▶ _Input_

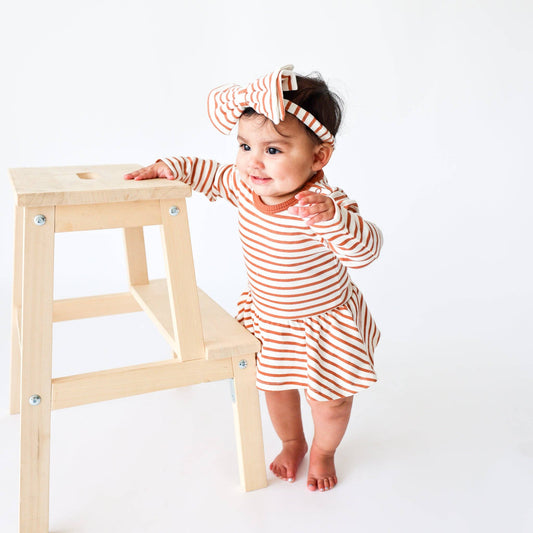 Charlotte Dress- Terracotta Stripe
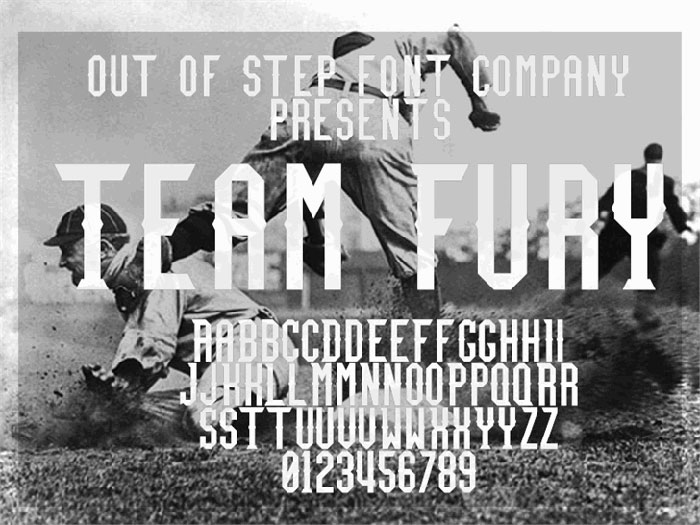 Team-Fury Baseball font examples that you can download for your project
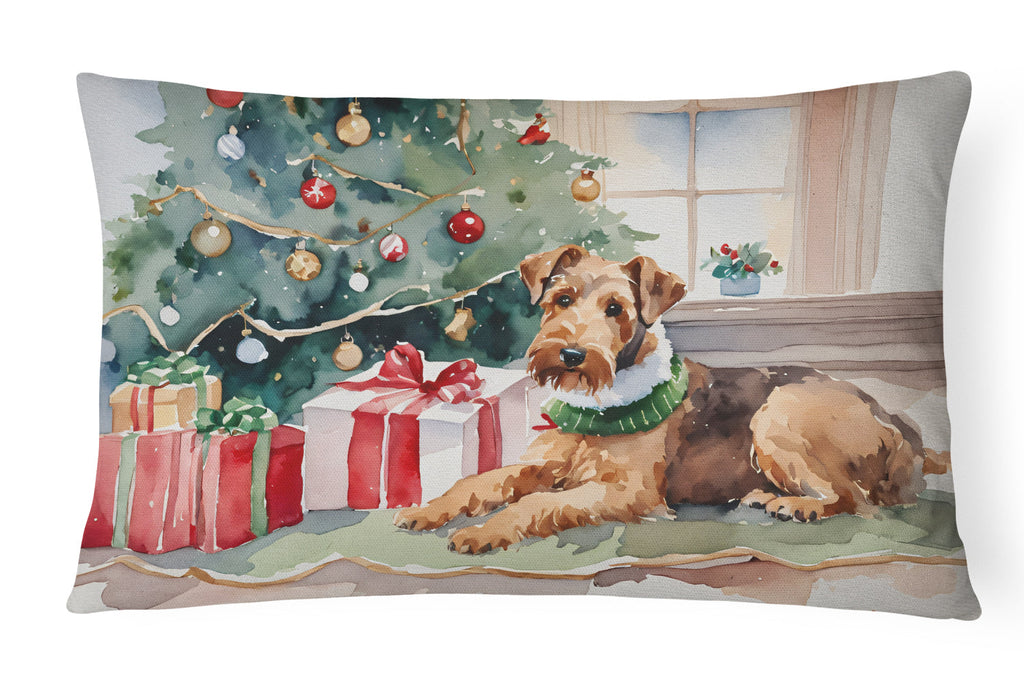Airedale Terrier Cozy Christmas Decorative Throw Pillow 12x16 Indoor Outdoor Accent Cushion, Fabric Cover with Insert for Sofa, Bed, Porch & Living Room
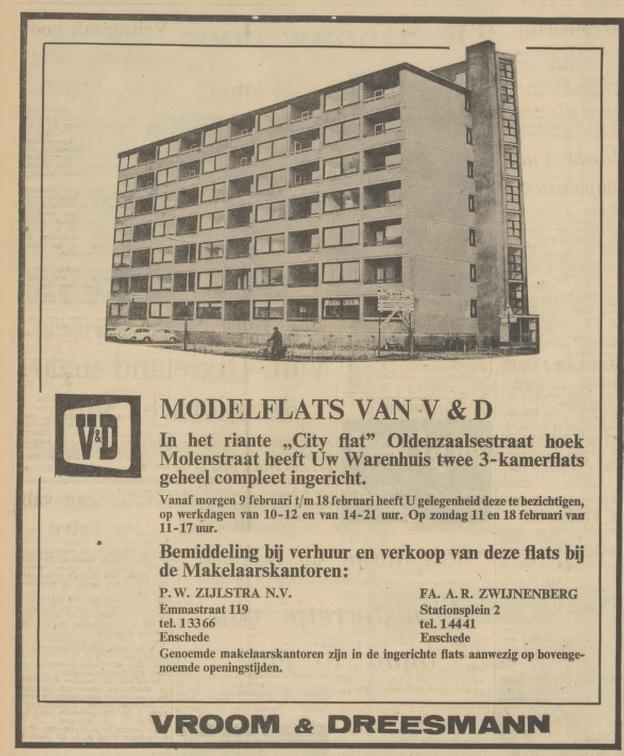 Oldenzaalsestraat 109 hoek Molenstraat City flat advertentie Tubantia 8-2-1968.jpg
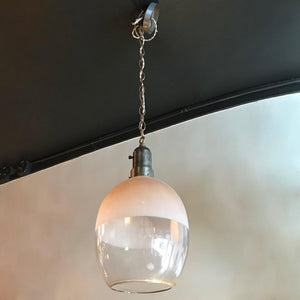 Railroad Station Pendant Light Two-Tone Glass Shade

▶ _What the task asks_
Output a verbatim copy of the lines from the line containing "Team-Fury Baseball font" through the end of the data, both included, without any images.

▶ _Solved exercise_
 Team-Fury Baseball font examples that you can download for your project
Airedale Terrier Cozy Christmas Decorative Throw Pillow 12x16 Indoor Outdoor Accent Cushion, Fabric Cover with Insert for Sofa, Bed, Porch & Living Room
 Oldenzaalsestraat 109 hoek Molenstraat City flat advertentie Tubantia 8-2-1968.jpg
 Railroad Station Pendant Light Two-Tone Glass Shade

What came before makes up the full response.